OK, not so much a new sheriff as a new president of Penn State’s board of trustees. But still.
On Friday, the trustees voted unanimously in their meeting at Penn State Wilkes-Barre to hand over the reins to a new leader. That man is Ira Lubert.
The most remarkable aspect of this is less that a new person took over than it is that no one in the room had a bad thing to say.
The issue was set up to be contentious. Lubert was a member of the board before. In fact, he was a member during the legal subcommittee that negotiated settlements with claimants in the Jerry Sandusky child sex abuse scandal — the same settlements that have the university in court with its liability insurer over the payments.
In the lead up to the vote, Penn Staters for Responsible Stewardship — a vehement grassroots group that has acted as watchdog of the board in the wake of the scandal — issued a statement decrying Lubert as a poor choice, claiming a conflict of interest because of past associations with The Second Mile, Sandusky’s charity.
However, Lubert insisted reports he served on the charity’s board were incorrect, though he did admit to making donations.
It was not a surprise when outgoing chair Keith Masser praised Lubert.
“Ira is a tireless advocate for PS students and faculty,” he said when he nominated his successor.
The second came from an unexpected quarter. Robert Capretto was the PS4RS choice for a president instead of Lubert.
And then there was alumni-elected trustee Anthony Lubrano’s comments. He spoke of “real leadership” by Lubert in the morning’s executive session.
But any real division came on the vote for vice president.
Mark Dambly, a business and industry trustee, was noted as the likely candidate. He was nominated by former VP Kathleen Casey, but he was the second name put forward.
The first was gubernatorial appointee Allison Goldstein, a graduate student in higher education. She was nominated by student trustee Luke Metaxas.
His reason was healing a board often sharply divided between old-guard and alumni-elected.
“Ali is the best candidate to unify this board,” Metaxas said, asking his fellow trustees to send a “powerful message that this board is fully committed to shared governance.”

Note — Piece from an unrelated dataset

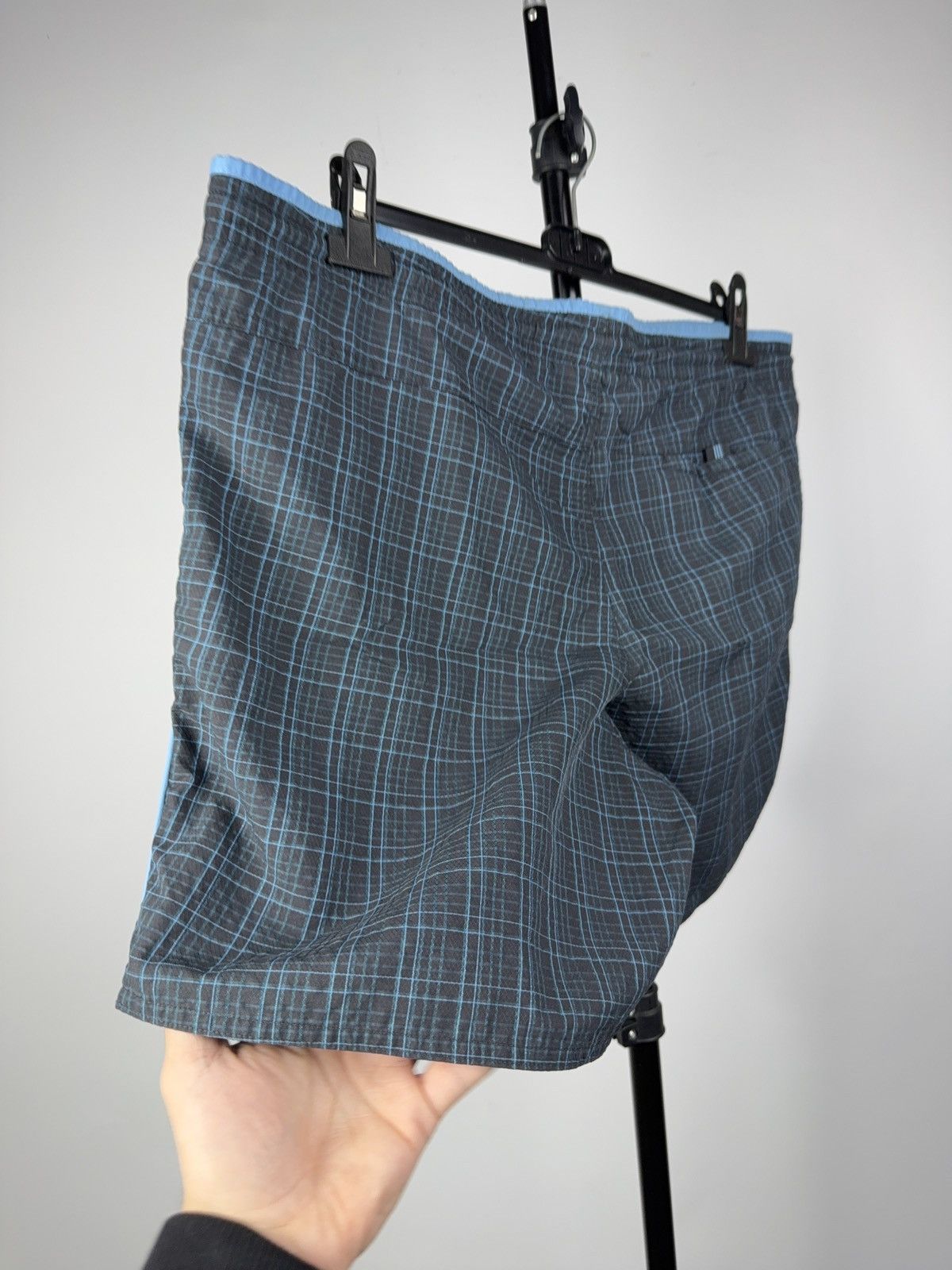 Adidas Adidas Checkered Swim Shorts Blue Trim Men’s L Mesh Lining Size US 34 / EU 50 - 6 Thumbnail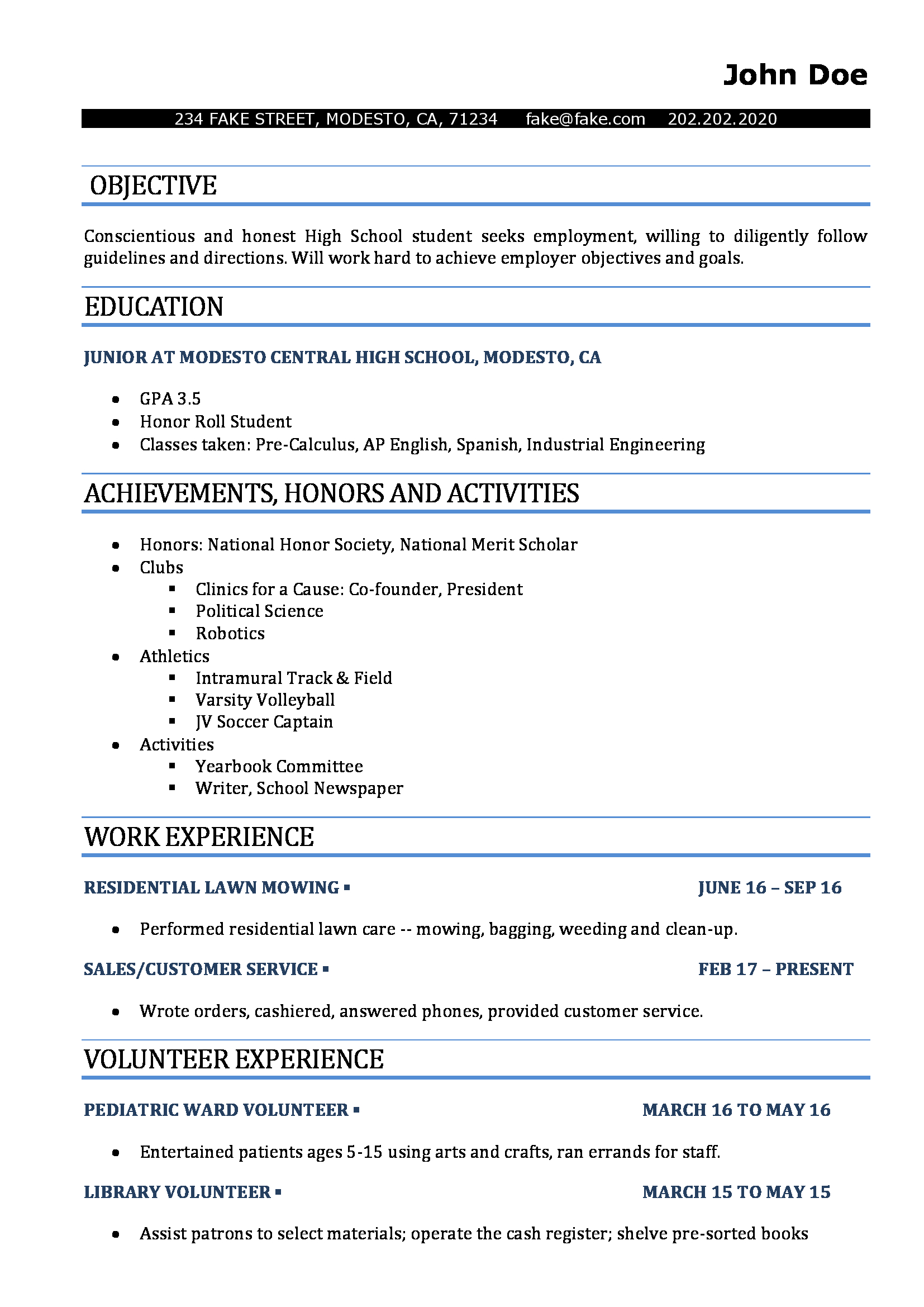 high school vocal application resume template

Goldstein has shown more flexibility than some of the other board members when it comes to discussing an issue important to the alumni-elected trustees. She has also been a voice for calm and reflection, proposing a board self-assessment that turned into this January’s board retreat.
The vote was close. Dambly got 20 votes. Goldstein got 14, five more than the number of alumni-elected trustees, showing appeal with a center ground.
The question is now what happens next. The board meets again in September, with all new officers in place, including at-large members of the executive committee Don Cotner and Al Lord.
“Only true leadership leads to real change,” Lubrano said. “We look forward to your leadership.”